I want to thank you for all cooperation given. Without the army’s help he could not have achieved what he did.
I hope you will permit me to come to say goodbye.
With kind regards,
Sincerely yours,
Miss Kreiken
ARGE AYLIK BÜLTENİ/SAYI 34/AĞUSTOS 1964
TÜRKÇESİ:
Sayın General DEMOKAN
Müşterek kaybımız hakkında derin teessürünüzü belirten taziye telgrafınıza çok teşekkür ederim. Bizi Türkiye’ye birlikte getiren ve şimdi onu ebediyete intikal ettiren kudret, takdir-i ilahi idi. Biz yanlız naciz varlıklarız ve ister “Allah” ister “God” densin, sebeb ve hikmeti bilinmeyen bir şekilde bu ilahi kuvvet ile bazen karşı karşıya geliyoruz.
O, kalben Türk’tü, ve onu Türkiye’den ebediyen ancak böyle ilahi bir kuvvet uzaklaştırabilirdi. Onun naşını hazin bir törenle yaktırdım. Tabudu üzerine yanlız ismini havi kurdele ile açık renk çiçeklerden yapılmış bir çelenk vardı. Aynı zamanda, kırmızı karanfillerin zemini, beyaz karanfillerin ay ve yıldızı temsil ettiği çiçeklerden yapılmış bir türk bayrağınıda tabutun üzerine koydurdum. Bu şereften faydalanmış olmamı tasvip edeceğinizi umarım. Milli marşın çalınmasını istedim, ve Türk Milli marşını orgla çaldık. Eminim ki, onunda arzusu bu olacaktı.
Bununla beraber maziye gömülü kalmayacağız. Ruh ve fikirleri gelişmeye yöneltilmişti ve eserleri göçmemeli idi.
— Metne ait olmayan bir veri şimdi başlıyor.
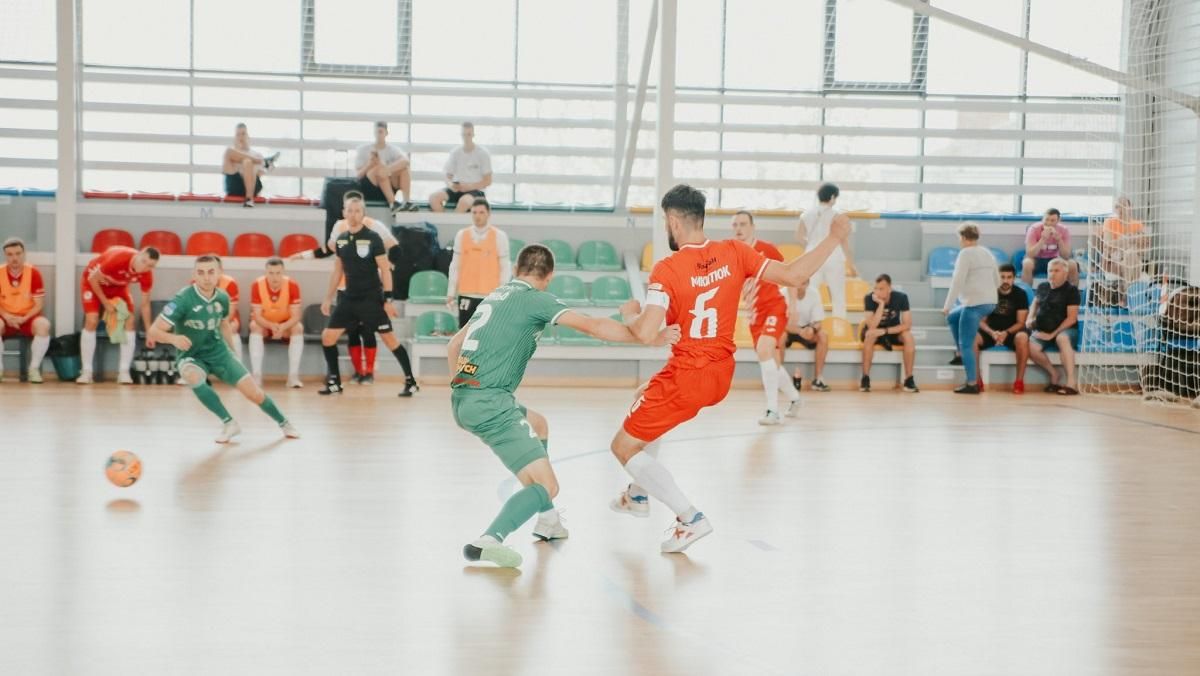 Протистояння Енергії та Урагану / Фото Асоціації футзалу Львівщини Протистояння Енергії та Урагану / Фото Асоціації футзалу Львівщини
O,etrafında Türkiye’nin muhtaç olduğu zeki ve istikbal vadeden bir genç ilim adamları nüvesi meydana getirmişti. Fakat bu nüvenin hala bir öndere ihtiyacı var. Bu sebeple Hamburg’ta toplanmış olmasını hoşgörürlülüğünüzden cesaret alarak fırsat telakki ettiğim Astronomi Alimleri Genel Assamblesinde şöhret sahibi bir çok zevata mektup yazarak, kendilerinden, kocamın eserini devam ettirebilecek bir halef bulunması konusunda yardım rica ettim. O’nun fikri, Avrupa ve Amerika’nın ilim enstitüleri ile işbirliği yaparak ilmin diğer dalları için, ilmi bir merkez kurmak, genç Türk ilim adamlarını uluslararası seviyeye getirmek ve bu seviyeyi muhafaza ettirmektir.
Asistan ve talebeleri ile çok iftahar eder ve onlara karşı bir baba şefkati duyardı.
Yakın bir zamanda kız kardeşlerimden biri ile Türkiye’ye geleceğim. Orada, yanlız olarak devamlı oturmanın doğru olmayacağını düşündüğüm için , sadece “allahaısmarladık” deyip geri döneceğim.
Sizi, tam Profesör Kreiken’e layık bir eş olarak hareket edeceğime dair temin ederim; bundan başka en güç şartlar altında beliren Türk cesaretinide aklımdan çıkarmayacağım. Şu anda kulağımda Atatürk’ün çok sevdiği cesaret, zafer ve huzur dolu marşın nameleri çınlar gibi oluyor. Kalbimin parçalanır gibi olmasına ramen ağlamadığıma inanmanızı isterim. Profesör Kreiken’e layık bir eş olarak yaşamaya devam edeceğim. Ahirete intikal zamanı geldiğinde kocama kavuşmak ümidi ile, yapacak yeni işler bulurum elbet.
Yapmış olduğunuz işbirliği için teşekkür etmek isterim. Ordunuzun yardımı olmasa idi kocam yaptıklarını başaramazdı.
Size “Allahaısmarladık” demek için gelmeme müsade edeceğinizi ümid ederim.